Don Cheadle não tinha a intenção de interpretar Miles Davis. Já tinha feito cinebiografias antes, encarnando Sammy Davis Jr. em "Os Maiorais" (1998), que lhe rendeu um Globo de Ouro, e o hotelier e assistente humanitário acidental Paul Rusesabagina em "Hotel Ruanda", em 2004, papel pelo qual foi indicado ao Oscar. Também já tinha interpretado o astro das quadras Earl Manigault, também conhecido como Goat, em "Doping" e o radialista Petey Greene em "Fale Comigo".
E descobriu que essas biografias hollywoodianas eram, no máximo, aproximações. – Eu me sentava ao lado de Paul Rusesabagina durante as filmagens de 'Hotel Ruanda', olhava para ele e perguntava: 'Foi assim mesmo?'; e ele respondia: 'Na verdade, não. Mas quase'.

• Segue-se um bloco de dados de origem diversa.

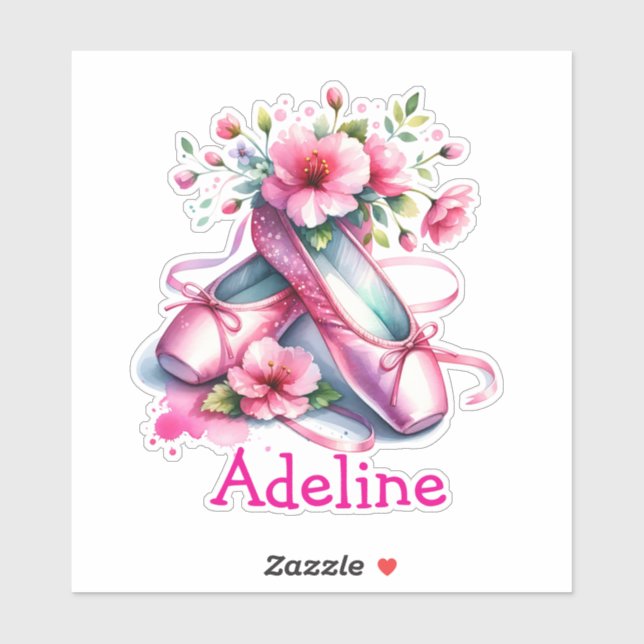 Pretty Pink Ballet Shoes and Flowers Personalized (Sheet)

Em abril, Cheadle chega aos cinemas dos EUA com "Miles Ahead", um filme decididamente não-biográfico sobre o trompetista e compositor. Bem diferente da narrativa linear típica, na qual um grande nome do jazz inevitavelmente é derrubado, quase sempre de vez, pela bebida ou pelas drogas (como em "Bird", "Por Volta da Meia-Noite", "Let's Get Lost" ou "O Ocaso de uma Estrela"), ele se concentra no final da década de 70, quando Davis não estava se apresentando. – Adorei esse paradoxo, essa coisa de ele ser um músico e não tocar.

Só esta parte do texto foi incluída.